Media-stoked fear and preoccupation with the virus that permitted so malignant a proliferation of “Covidiocy” has since diminished. Effective legal challenges to both mask and vaccine mandates are being vigorously pursued.   

The CDC Order of 1/29/21 mandating masks for all passengers on public transportation was struck down by Judge Kathryn Mizellle on April 18, 2022, whose ruling observed that the CDC had abused a 1944 Public Health Sanitation Act in mandating masks for the entire population of public transit users. 

“Because ‘our system does not permit agencies to act unlawfully even in pursuit of desirable ends, … the Court Declares unlawful and vacates the Mask Mandate,” Judge Mizelle wrote.  
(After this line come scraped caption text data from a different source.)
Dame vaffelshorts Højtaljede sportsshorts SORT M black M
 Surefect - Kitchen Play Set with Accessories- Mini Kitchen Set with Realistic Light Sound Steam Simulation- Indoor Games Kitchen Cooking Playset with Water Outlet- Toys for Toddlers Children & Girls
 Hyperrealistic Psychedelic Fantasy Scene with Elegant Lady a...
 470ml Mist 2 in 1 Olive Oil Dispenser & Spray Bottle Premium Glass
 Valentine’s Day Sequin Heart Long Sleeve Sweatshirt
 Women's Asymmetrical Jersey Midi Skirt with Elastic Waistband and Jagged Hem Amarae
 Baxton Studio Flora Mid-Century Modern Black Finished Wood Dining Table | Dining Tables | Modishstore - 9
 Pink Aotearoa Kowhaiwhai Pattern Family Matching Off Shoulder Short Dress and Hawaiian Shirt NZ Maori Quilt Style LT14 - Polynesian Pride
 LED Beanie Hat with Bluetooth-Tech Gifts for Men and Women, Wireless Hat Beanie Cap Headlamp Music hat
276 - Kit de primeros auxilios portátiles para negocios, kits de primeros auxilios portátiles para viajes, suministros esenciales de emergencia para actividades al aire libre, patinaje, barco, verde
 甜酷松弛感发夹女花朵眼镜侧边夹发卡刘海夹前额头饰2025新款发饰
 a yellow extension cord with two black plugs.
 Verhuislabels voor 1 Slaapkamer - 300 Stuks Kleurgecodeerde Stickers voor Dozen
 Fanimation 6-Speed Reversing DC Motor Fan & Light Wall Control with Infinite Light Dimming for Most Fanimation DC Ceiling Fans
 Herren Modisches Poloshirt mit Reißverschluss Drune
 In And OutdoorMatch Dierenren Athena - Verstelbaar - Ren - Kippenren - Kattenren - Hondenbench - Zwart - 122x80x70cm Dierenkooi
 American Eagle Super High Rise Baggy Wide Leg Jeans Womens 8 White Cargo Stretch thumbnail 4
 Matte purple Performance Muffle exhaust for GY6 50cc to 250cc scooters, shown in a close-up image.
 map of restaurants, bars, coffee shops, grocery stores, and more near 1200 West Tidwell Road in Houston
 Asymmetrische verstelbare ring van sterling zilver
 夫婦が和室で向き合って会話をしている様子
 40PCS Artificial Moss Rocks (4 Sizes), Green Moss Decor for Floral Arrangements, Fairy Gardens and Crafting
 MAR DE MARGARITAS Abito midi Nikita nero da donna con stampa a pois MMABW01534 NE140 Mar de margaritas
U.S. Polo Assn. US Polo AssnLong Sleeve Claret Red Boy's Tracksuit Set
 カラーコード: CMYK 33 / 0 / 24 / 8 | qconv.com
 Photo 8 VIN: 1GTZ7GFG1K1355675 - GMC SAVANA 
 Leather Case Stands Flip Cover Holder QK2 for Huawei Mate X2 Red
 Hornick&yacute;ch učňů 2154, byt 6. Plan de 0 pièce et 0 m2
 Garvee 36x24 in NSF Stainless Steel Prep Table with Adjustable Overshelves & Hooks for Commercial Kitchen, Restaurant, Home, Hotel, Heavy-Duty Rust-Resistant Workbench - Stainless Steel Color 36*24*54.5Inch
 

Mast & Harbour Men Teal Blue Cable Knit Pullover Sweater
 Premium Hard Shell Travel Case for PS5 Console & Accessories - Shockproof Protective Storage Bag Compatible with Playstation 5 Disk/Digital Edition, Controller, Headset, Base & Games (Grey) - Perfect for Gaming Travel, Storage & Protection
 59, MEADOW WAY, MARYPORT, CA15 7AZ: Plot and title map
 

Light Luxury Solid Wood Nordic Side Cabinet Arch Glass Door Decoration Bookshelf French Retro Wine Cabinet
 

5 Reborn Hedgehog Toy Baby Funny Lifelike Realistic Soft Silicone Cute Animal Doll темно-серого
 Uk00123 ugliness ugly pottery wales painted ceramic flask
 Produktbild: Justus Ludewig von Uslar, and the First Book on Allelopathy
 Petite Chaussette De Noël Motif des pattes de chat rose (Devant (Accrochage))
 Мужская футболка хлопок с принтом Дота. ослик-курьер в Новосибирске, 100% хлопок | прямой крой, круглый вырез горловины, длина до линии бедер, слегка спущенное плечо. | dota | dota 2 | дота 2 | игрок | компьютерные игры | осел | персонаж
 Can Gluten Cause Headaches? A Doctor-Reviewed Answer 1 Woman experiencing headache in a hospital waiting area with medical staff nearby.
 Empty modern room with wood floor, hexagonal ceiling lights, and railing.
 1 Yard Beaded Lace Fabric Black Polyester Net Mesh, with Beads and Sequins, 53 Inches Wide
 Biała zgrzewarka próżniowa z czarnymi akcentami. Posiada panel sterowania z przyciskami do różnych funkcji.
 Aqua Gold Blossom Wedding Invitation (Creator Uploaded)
Note that the ruling issued by Judge Mizelle on the 18th DID NOT say: 

“Mask mandates are no longer needed and should now be lifted.”

Nor did the ruling attribute its decision to any of these factors: 

  • a mild form of the present variant
  • the availability of therapeutics
  • reduction in c19 hospitalizations and deaths

The Judge ruled on the law, not the “present state of the pandemic” or the “effectiveness of masks in reducing viral transmission.” This ruling on the law found that the CDC exceeded its lawful authorization. 

Not surprisingly, the Biden Administration has appealed the ruling. By now, the virus has attenuated significantly, causing only a head cold. So their appeal cannot be justified by the intent to “save lives.” It is, admittedly, being pursued to restore “authorization” to similarly infringe on the general public in the future. Each new viral event would likely provoke a recurrence of the orders.

The statement released by the Biden Administration’s CDC requesting appeal begins, “In order to preserve CDC’s authority …(emphasis added). 

It did not read, “In order to protect public health…” or “In order to reduce risk….”  No. The phrase that offers the reason for requesting that the DOJ pursue an appeal doesn’t concern itself with public health at all. It is instead focused on the agency’s authority.  

Our founders showed us that a claim of authority to which We the People DID NOT CONSENT, must be challenged. Our methods today may not involve muskets and militias. But they’d best be backed by the same convictions and the same pledge to ourselves, our children, and to each other.  

The preservation of Liberty requires nothing less than a pledge of our lives, our fortunes, and our sacred honor.